One of the ways to determine the best geometry is by evaluating the uniformity of energy dissipation rate. Since energy dissipation rate is the core parameter that influence the particle collision, flocculation tank with uniform energy dissipation rate will perform better. We investigated different geometric space to come out with a flocculation tank with uniform energy dissipation rate.  The optimization method started with an initial condition. We then changed the geometry parameters such as clearance height, baffle spacing and flocculation tank height. If change in geometry resulted in a more uniform energy dissipation rate than the initial geometry, the new geometry is called incumbent.  Following this process, investigate the geometry in all possible geometric space and the final incumbent will be chosen as the optimal solution.

 
Figure 1: Turbulent Dissipation Rate (fh = 2b bs = 0.1 ch = 1b) From first semester, we concluded that clearance height should go no smaller than the baffle spacing. We would also like to start our investigation of the geometric space by having the most overlapping energy dissipation region. Using the two constraints, we come up with the initial flocculation tank height of 2b. Figure 1 shows the contour of turbulent dissipation rate with such geometry. We see that the energy dissipation rate is fairly uniform. This will be the new incumbent. We see that there is large blue region in the inner turn. By reducing the baffle spacing we hope to reduce the non-active region. 

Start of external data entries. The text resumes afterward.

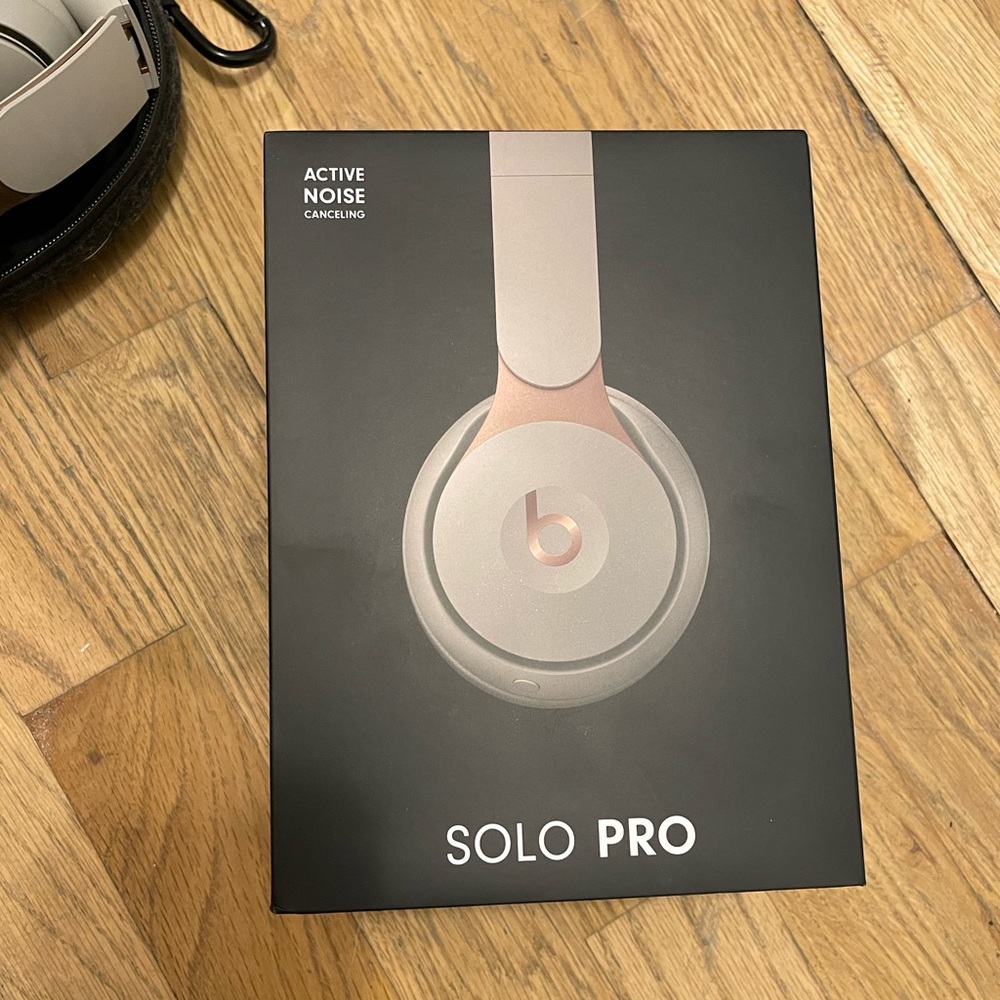 ***SOLD ON CROSSPOST*** Gray Beats Solo Pro Wireless Headphones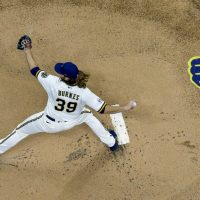 Game Braves vs Brewers 1 Odds, Picks, dan Probable Pitchers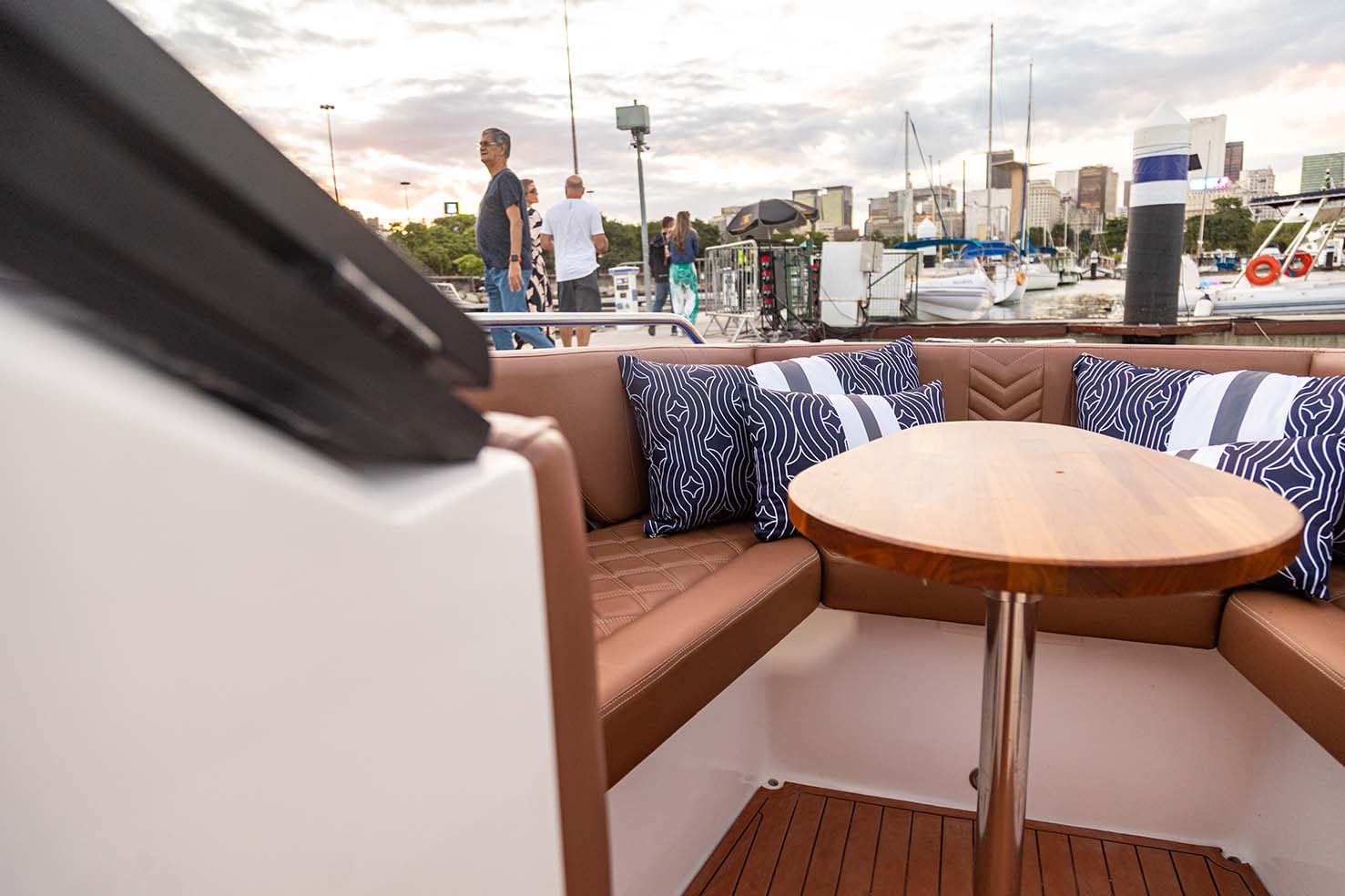 Desempenho, conforto e sofisticação: Azov Z260 Open impressiona em teste na Baía de Guanabara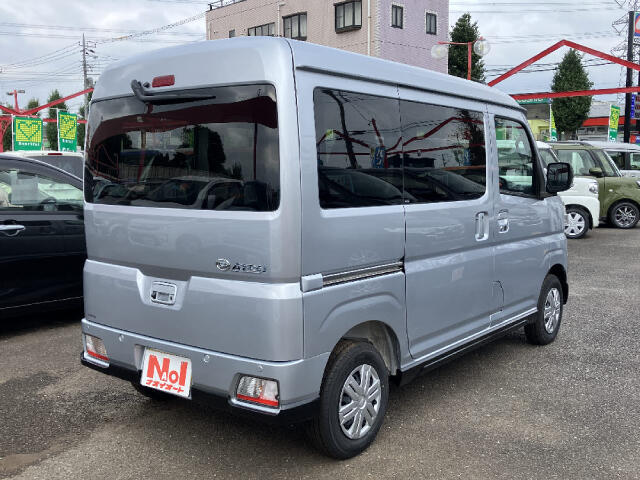 Daihatsu Atrai 5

Figure 2: Turbulent Dissipation Rate (fh = 0.2 bs = 0.07 ch = 0.1) Reducing the baffle spacing don't give the desired effect. We do not have a new incumbent. The non uniformity increase. Therefore, this is not the right parameter to change.  We can now explore the clearance height geometric space.  

Figure 3: Turbulent Dissipation Rate (fh = 2b bs = 0.1 ch = 0.7b) Changing clearance height parameter also did not give desirable result. Decrease in clearance height create a constriction of the flow and we have very high energy dissipation rate in that region.  Since changing this parameter wont work, we are left with final parameter, which is the flocculation tank height. Flocculation tank height of 2b might be providing too much overlapping region. We can try to reduce the overlapping region by extending the flocculation tank height.  

Figure 4: Turbulent Dissipation Rate (fh = 3b bs = 0.1 ch = 1b) Flocculation tank height of 3b give us a more uniform than the original incumbent we have. This geometry will be the new incumbent. Since changing this geometric space give desirable result, further investigation into this parameter is needed.  

Figure 5: Turbulent Dissipation Rate (fh = 0.4 bs = 0.1 ch = 0.1) Comparing figure 5 and 6, We see that flocculation tank height of 4b does not give a more uniform energy dissipation rate. Therefore, flocculation tank height of 3b is still the incumbent.  Another interesting geometric space that might be worth investigating is to add a small slot at the baffle so that water can flow directly through them. The hope is that this method will reduce the stagnant region.  

Figure 6: Turbulent Dissipation Rate (fh = 0.4 bs = 0.1 ch = 0.1 slot = 0.1b) From figure 6, we see that adding small slots at the bottom of baffles does not give us the desired result. The small slot causes the water to flow directly through them and the constriction effect of the flow causes undesirable high energy dissipation rate region. After considering all possible geometric space, we concluded that the optimal geometry for flocculation tank is fh = 3b, b = 0.1, ch = 1b as seen in figure 4.